Nancy Jebet Langat (born 22 August 1981) is a Kenyan middle distance, runner who specialises in the 1500 metres. She won the gold medal in the 1500 m at the 2008 Summer Olympics, in a personal best time of 4:00.23.

She also competed at the 2004 Summer Olympics and the 2005 World Championships, without reaching the finals. In her younger days she mainly competed in the 800 metres, and was successful as a junior.

Langat won gold at the 2008 Summer Olympics in Beijing and became the second Kenyan woman to win an Olympic gold. The first one was Pamela Jelimo, who won the 800 m at the same Olympics. At the 2009 World Championships, Langat did not advance past the semifinals, but finished the season with a win at the World Athletics Final.

In 2010 Langat won the prestigious Diamond League tally for the 1500 m.

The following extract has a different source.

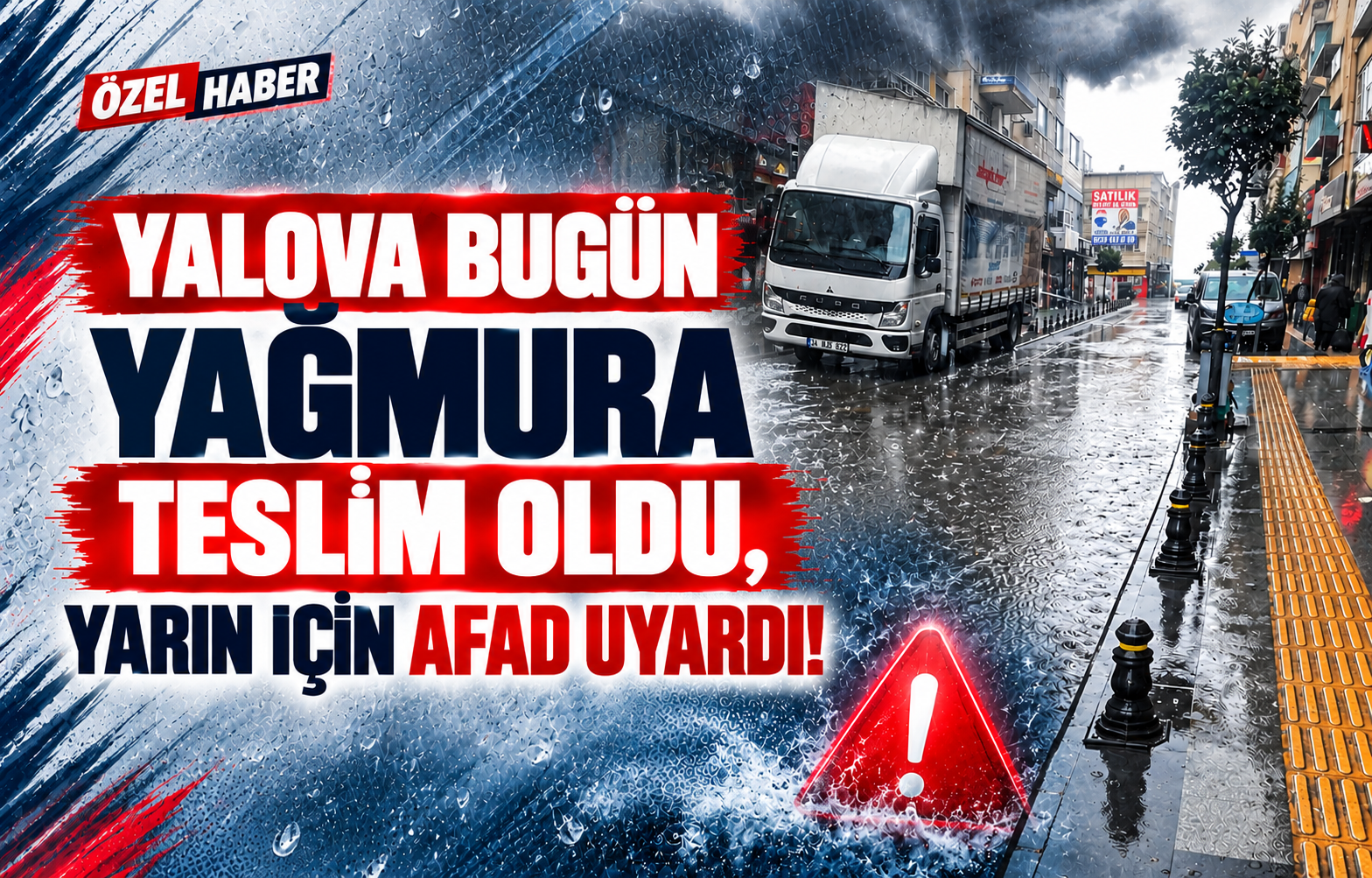 YALOVA BUGÜN YAĞMURA TESLİM OLDU, YARIN İÇİN AFAD UYARDI! - Galeri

She went undefeated in all of her races against the best runners in the world. He performance at the 2010 IAAF Continental Cup was a controversial one, as she attempted to pull back Hind Dehiba as the two duelled in the final straight. Langat fell and finished last. She claimed an 800/1500 m middle distance double at the 2010 Commonwealth Games, however, and was chosen as the Kenyan Sportswoman of the Year in December.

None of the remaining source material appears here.